The pro-Thaksin People's Power Party won just under half the seats in the 480-member lower house of Parliament, delivering a powerful message that the exiled prime minister's mostly rural supporters would be happy to see him return despite allegations he was corrupt and abused power.
Not so happy to see Thaksin return would be those who deposed him - the military, Bangkok's educated middle class, and the country's elite, including elements around the monarchy who felt threatened by his accumulation of power.
Under an interim military- installed government that succeeded Thaksin, they changed the constitution to limit the influence of big parties and sought to demonize him as a corrupt destroyer of democracy. His return could undo their efforts and put their own positions in jeopardy.

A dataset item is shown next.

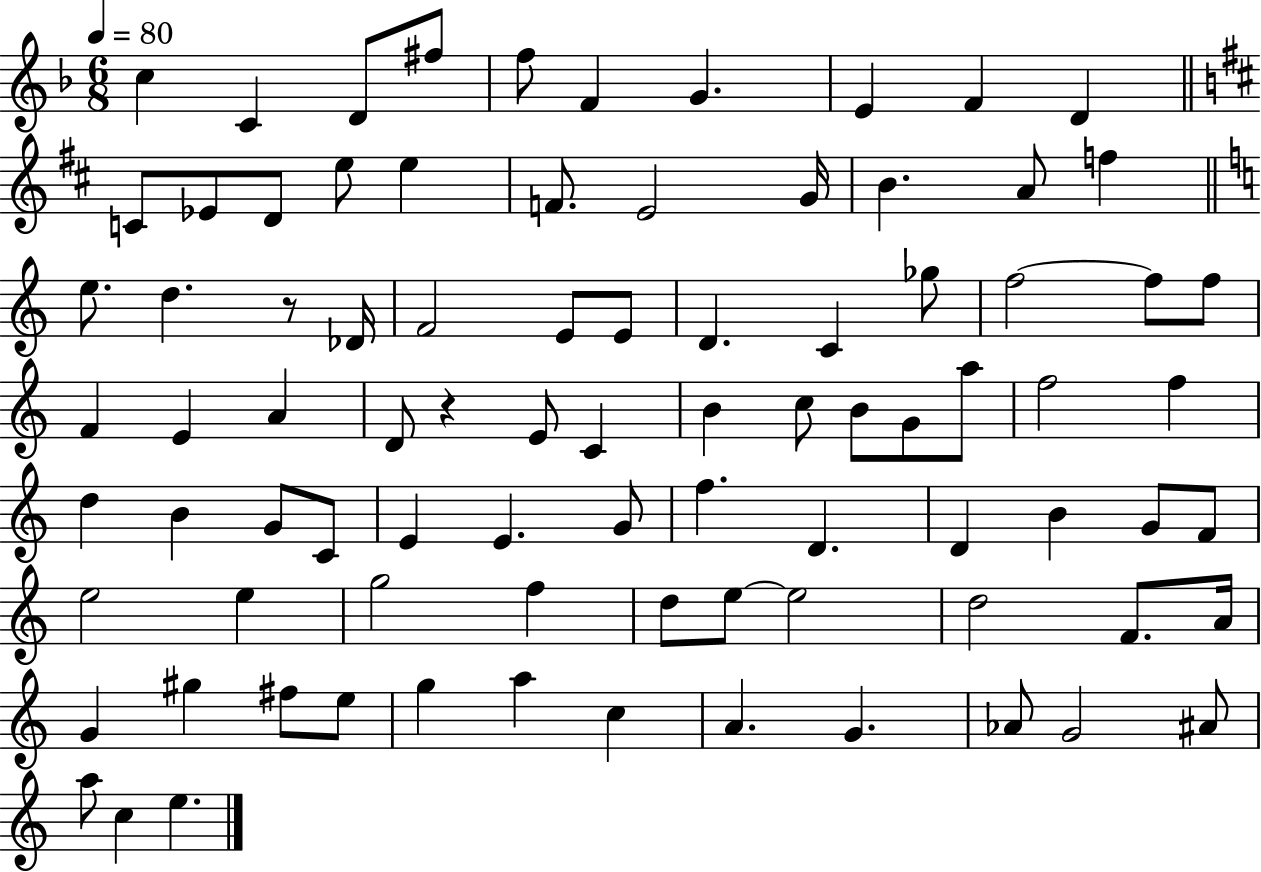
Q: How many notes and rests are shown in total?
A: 86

Ahead of the vote, rumors even swirled that the military would stage a new coup if faced with the prospect of a Thaksin comeback, although the army commander vowed to abide by the election results.

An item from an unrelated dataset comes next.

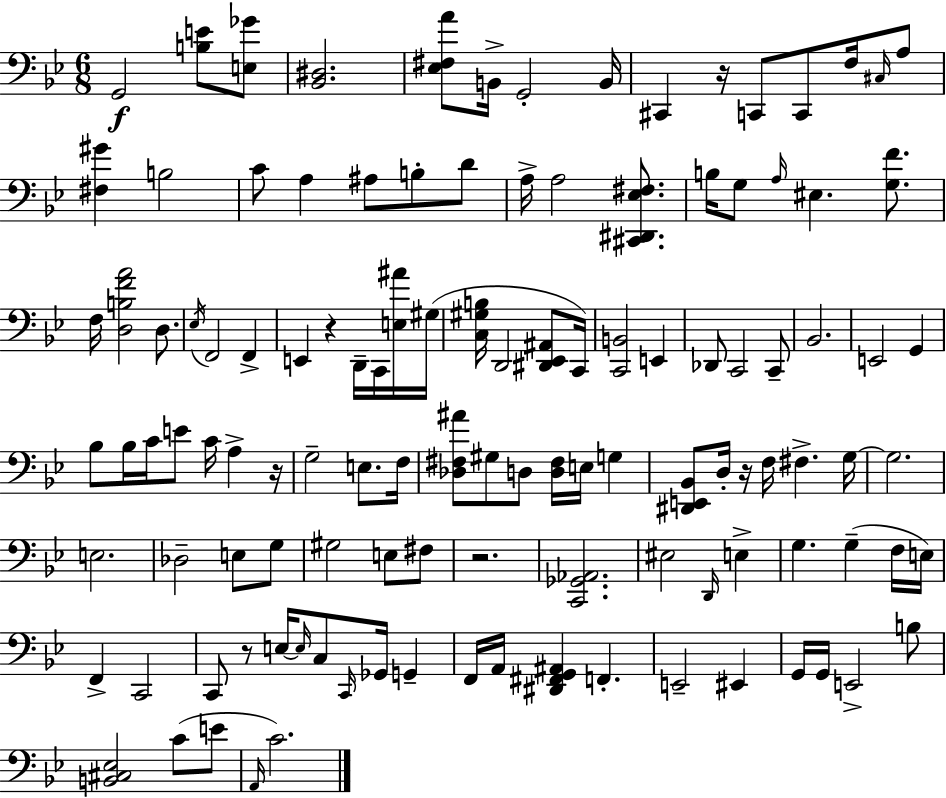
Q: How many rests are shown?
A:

What his foes failed to do, the election results showed, was win over Thaksin's followers in the rural north and poor northeast. Those supporters remained loyal in gratitude for the former leader's populist programs, including universal healthcare and generous village development funds implemented when he held office from 2001 to 2006.

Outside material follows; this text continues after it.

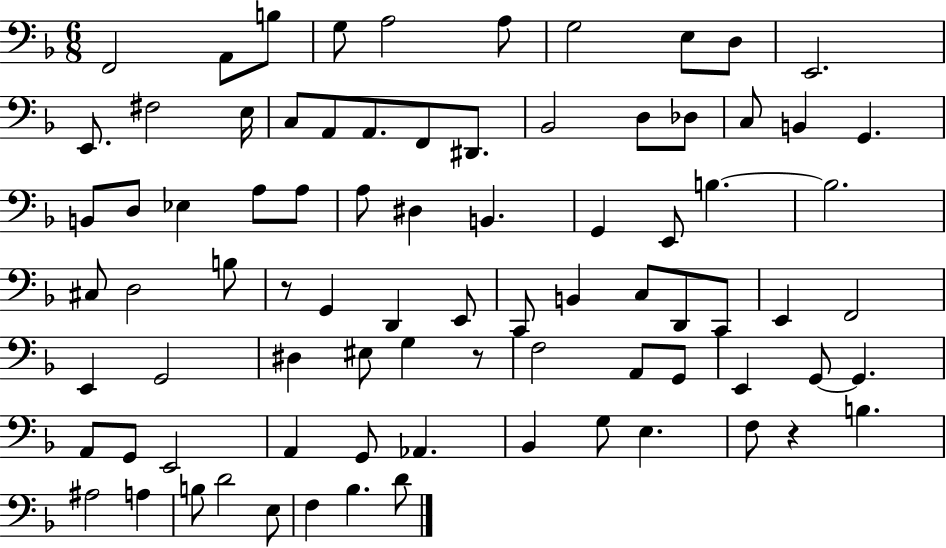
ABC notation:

"This is the people's decision. The military has to accept that people disagree with the coup," commented Prinya Thaewanaraemitkul, who teaches law at Bangkok's Thammasat University.
Thaksin was abroad at the time of his bloodless ouster, and has since lived in exile, mostly in London. He is legally barred from office, his Thai Rak Thai Party was dissolved by the courts, and he has been charged with a slew of corruption-related crimes.
But by capturing 233 House seats, according to the latest figures from the state Election Commission, the pro-Thaksin PPP - led by former Thai Rak Thai members - is in the best position to form a new governing coalition.
PPP Secretary General Surapong Suebwonglee said yesterday that his party had won the agreement of enough other smaller parties to form a stable majority coalition with 280 to 300 seats.
There would be "no problem in forming a government," he said at a news conference. The House is supposed to convene within one month of the election.
Even if the PPP has concluded a coalition deal, it could fall apart if enough of the party's candidates are disqualified for electoral violations such as vote-buying.
Because Thaksin has such influential enemies, however, his proxy party is being sharply challenged by the second-place Democrat Party, which won 165 seats but has the confidence of the political establishment.
Building a working coalition is only the first challenge to restoring stability in Thailand after two years of polarizing politics, which began with street demonstrations in Bangkok demanding that Thaksin step down and continued after the coup failed to reconcile Thaksin's urban opponents with his rural supporters.
Virtually all parties have espoused policies modeled after Thaksin's populist programs and no party has suggested any fresh approach to solving the country's gravest crisis, a Muslim insurgency in the far south that has led to the loss of more than 2,600 lives in almost four years.